Some of China's biggest banks have shed around 35,000 employees this year and cut average salaries as they sought to reduce costs amid stagnant revenue growth, a media report said on Wednesday.
Bank profits were essentially flat in the first half of the year as lenders struggled with shrinking net interest margins and rising bad loans. With top-line growth sluggish, lenders turned to cost-cutting, the Financial Times said in the report.
Of China's 19 listed banks, seven reported declines in total employment at the end of June, compared to six months earlier.
The group - which includes five of the six largest banks by assets - cut a total of 34,691 jobs in the period, according to Wind Information, which compiles data from the banks' quarterly financial statements.
For the full group of listed banks, employment fell by a net 20,791 workers, the Financial Times reported.
The cuts come as western peers scale back more dramatically.
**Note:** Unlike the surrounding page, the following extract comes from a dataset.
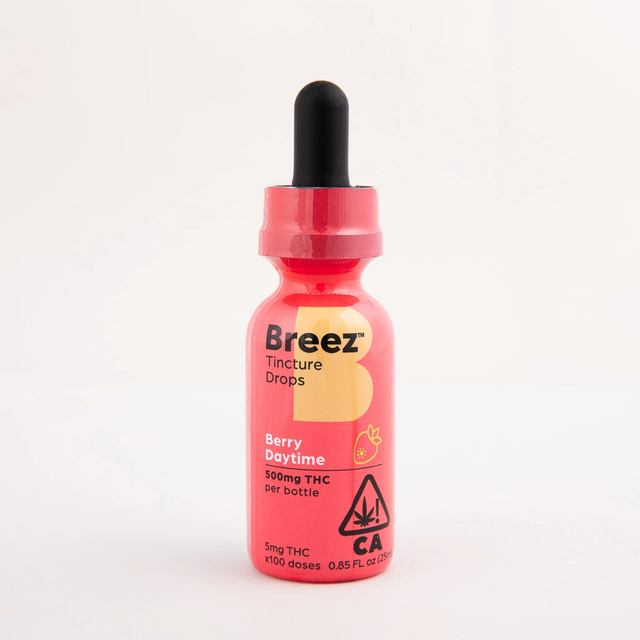 Tincture Drops Berry Daytime Breez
Eleven of the biggest European and US banks cut almost 100,000 jobs in 2015, according to a Financial Times analysis.
"Banks are generally seeing more net interest margin and credit-cost pressure, so they need to control operating costs more tightly if they want to scrape out flat or marginally positive earnings growth," said Hou Wei, Asia banks analyst at Sanford C. Bernstein in Hong Kong.
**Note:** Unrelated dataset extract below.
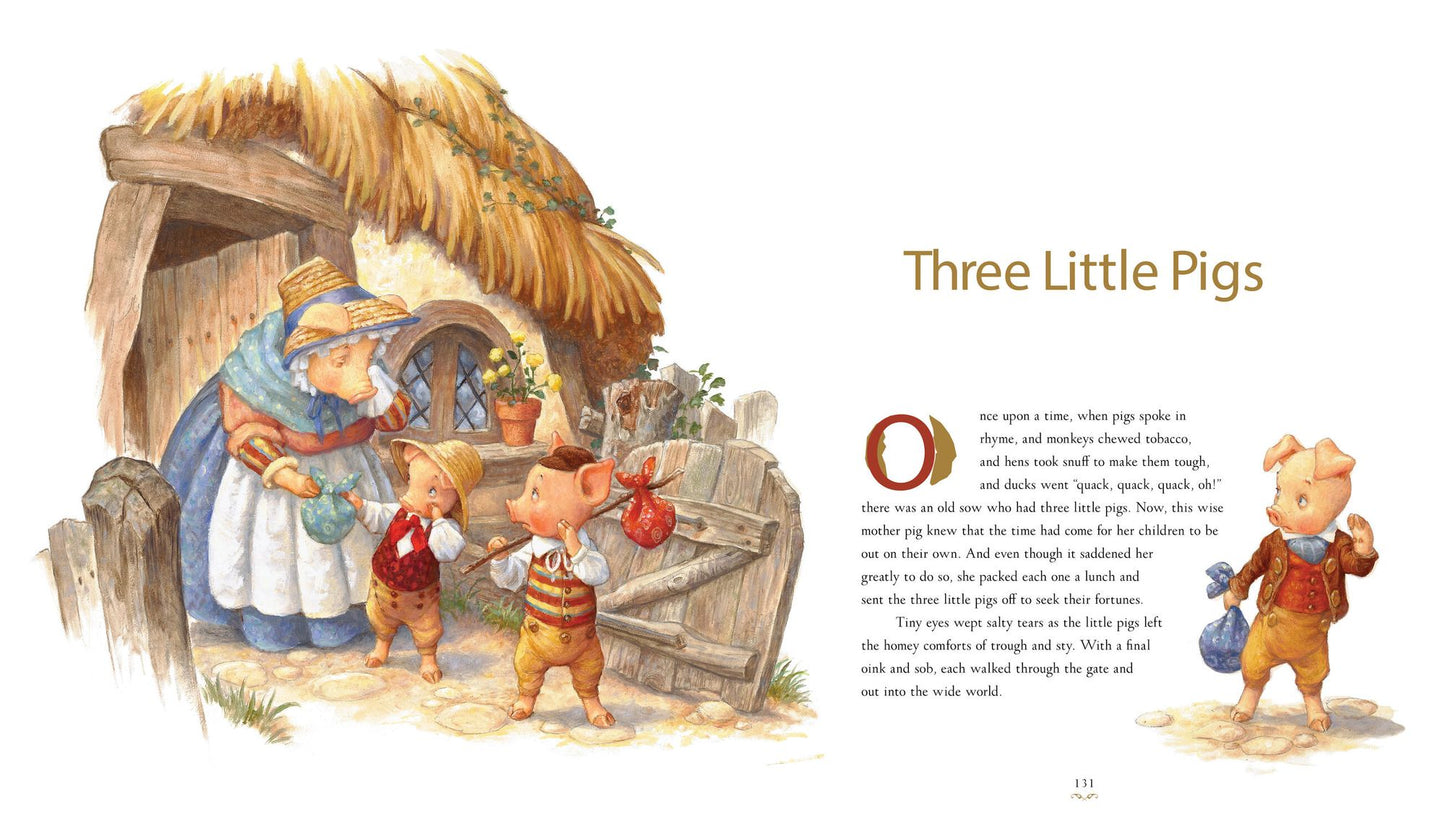 Classic Fairy Tales Vol 1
Beyond cost-cutting, the industry shift towards digital banking is also driving reductions in staff.
According to Liao Zhiming, bank analyst at TF Securities in Beijing, more than 90 per cent of transactions at most lenders are now done online.
"As commercial banks' IT systems and electronic banking, - especially mobile banking - get perfected, the digital substitution keeps rising," the Financial Times quoted Liao as saying.